# [What you should do]
Give the number of lines below that contain the string "Leisure", and no other text.

# [Provided records]

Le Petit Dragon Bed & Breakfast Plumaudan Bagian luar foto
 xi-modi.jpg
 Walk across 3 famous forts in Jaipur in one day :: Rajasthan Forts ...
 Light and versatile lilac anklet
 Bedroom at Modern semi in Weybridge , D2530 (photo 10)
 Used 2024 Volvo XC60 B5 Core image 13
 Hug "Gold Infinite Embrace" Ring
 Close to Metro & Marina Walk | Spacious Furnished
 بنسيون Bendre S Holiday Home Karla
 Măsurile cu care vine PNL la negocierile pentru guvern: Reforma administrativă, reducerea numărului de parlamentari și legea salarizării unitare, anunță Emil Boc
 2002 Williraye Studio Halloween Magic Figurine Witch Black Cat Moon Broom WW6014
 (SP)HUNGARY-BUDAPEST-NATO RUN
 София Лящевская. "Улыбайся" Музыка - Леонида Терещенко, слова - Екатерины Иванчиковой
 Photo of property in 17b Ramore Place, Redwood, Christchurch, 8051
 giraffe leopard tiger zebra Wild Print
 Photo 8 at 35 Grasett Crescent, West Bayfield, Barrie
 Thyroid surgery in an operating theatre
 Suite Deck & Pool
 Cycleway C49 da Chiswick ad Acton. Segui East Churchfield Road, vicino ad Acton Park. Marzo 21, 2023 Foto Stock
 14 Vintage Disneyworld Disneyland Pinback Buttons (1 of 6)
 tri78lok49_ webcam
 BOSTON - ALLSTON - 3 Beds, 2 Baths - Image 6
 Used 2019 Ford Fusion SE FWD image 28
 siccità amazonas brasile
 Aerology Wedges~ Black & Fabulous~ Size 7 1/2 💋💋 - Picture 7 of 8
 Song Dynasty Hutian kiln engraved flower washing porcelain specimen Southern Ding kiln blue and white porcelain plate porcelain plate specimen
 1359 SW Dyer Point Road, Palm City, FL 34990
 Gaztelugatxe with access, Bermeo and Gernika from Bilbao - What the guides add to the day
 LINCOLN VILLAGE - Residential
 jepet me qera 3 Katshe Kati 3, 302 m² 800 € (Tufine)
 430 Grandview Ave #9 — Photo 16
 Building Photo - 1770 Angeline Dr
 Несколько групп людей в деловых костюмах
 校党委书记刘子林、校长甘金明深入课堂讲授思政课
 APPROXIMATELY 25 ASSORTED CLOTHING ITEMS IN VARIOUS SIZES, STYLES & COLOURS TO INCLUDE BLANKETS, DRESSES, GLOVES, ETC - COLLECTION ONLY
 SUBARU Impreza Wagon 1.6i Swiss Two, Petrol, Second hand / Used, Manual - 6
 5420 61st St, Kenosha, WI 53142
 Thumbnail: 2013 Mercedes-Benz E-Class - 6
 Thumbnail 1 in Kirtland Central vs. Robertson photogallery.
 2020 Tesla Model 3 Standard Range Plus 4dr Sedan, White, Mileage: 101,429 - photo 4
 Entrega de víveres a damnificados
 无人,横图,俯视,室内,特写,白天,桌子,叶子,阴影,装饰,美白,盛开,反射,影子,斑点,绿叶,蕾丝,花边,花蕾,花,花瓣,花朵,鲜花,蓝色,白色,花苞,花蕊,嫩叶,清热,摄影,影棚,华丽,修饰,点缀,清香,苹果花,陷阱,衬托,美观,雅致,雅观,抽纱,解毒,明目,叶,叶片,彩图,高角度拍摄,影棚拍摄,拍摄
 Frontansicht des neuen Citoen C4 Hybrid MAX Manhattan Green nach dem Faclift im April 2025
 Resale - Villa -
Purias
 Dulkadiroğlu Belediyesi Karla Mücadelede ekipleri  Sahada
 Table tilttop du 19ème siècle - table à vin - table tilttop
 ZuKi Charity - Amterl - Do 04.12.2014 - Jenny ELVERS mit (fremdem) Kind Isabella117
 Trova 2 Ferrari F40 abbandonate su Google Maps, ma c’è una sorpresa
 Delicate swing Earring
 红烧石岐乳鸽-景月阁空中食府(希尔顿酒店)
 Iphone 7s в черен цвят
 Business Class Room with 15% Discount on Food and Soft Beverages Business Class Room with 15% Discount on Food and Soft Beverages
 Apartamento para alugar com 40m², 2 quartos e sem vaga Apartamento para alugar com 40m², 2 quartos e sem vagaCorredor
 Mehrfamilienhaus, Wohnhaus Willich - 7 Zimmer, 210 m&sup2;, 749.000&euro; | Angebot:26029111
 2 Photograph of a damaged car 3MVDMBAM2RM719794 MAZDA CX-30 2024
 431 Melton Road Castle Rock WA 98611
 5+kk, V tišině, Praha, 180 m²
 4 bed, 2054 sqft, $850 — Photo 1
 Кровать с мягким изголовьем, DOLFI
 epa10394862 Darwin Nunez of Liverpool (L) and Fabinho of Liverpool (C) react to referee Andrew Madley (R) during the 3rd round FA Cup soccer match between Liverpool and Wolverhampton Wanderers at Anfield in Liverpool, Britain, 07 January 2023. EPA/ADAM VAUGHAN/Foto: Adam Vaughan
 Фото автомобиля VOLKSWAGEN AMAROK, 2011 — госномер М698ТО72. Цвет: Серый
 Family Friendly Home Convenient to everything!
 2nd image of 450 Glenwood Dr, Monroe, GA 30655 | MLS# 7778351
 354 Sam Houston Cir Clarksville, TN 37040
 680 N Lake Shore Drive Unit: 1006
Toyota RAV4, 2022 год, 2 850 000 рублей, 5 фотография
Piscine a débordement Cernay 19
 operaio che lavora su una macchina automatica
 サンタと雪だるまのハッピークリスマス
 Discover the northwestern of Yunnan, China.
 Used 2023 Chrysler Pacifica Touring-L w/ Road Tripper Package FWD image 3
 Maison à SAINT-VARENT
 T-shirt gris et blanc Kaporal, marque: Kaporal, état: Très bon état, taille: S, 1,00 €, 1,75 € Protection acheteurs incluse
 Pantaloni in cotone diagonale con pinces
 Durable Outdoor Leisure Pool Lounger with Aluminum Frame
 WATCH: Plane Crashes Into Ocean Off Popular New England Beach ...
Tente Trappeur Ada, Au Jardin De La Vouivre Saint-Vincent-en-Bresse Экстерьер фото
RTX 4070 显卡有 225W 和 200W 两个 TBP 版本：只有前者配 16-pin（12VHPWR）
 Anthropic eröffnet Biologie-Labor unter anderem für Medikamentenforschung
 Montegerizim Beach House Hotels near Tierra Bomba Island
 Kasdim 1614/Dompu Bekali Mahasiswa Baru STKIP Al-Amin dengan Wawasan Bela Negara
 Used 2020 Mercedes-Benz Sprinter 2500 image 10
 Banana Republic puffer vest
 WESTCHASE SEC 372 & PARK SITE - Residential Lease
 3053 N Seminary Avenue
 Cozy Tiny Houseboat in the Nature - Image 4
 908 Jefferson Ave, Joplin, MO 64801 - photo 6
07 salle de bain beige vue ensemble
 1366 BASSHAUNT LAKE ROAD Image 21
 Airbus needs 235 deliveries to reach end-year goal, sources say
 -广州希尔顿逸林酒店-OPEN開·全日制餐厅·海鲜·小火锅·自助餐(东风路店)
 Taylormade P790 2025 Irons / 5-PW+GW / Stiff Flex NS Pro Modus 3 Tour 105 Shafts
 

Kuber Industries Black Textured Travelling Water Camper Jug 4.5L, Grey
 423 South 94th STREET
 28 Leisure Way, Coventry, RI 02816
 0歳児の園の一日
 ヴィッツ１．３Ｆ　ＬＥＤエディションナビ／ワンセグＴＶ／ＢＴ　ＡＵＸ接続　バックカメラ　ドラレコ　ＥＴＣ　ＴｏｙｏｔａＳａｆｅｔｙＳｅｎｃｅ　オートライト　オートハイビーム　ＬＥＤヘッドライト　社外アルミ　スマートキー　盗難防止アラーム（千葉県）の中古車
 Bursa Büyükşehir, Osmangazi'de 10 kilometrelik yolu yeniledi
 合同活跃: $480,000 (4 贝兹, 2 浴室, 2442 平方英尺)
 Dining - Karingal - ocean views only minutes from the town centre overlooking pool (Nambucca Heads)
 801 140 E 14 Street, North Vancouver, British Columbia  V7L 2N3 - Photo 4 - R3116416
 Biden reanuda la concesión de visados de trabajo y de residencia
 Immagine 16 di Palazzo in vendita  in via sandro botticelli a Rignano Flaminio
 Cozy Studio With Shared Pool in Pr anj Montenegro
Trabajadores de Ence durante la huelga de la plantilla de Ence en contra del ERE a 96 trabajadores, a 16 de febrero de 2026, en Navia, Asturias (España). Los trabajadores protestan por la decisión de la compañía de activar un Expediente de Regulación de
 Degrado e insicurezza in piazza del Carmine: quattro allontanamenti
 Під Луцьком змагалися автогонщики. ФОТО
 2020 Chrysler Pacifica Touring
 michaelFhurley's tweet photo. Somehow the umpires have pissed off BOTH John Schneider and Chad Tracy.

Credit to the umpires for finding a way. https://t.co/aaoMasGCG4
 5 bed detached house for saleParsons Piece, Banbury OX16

# [Answer section]
2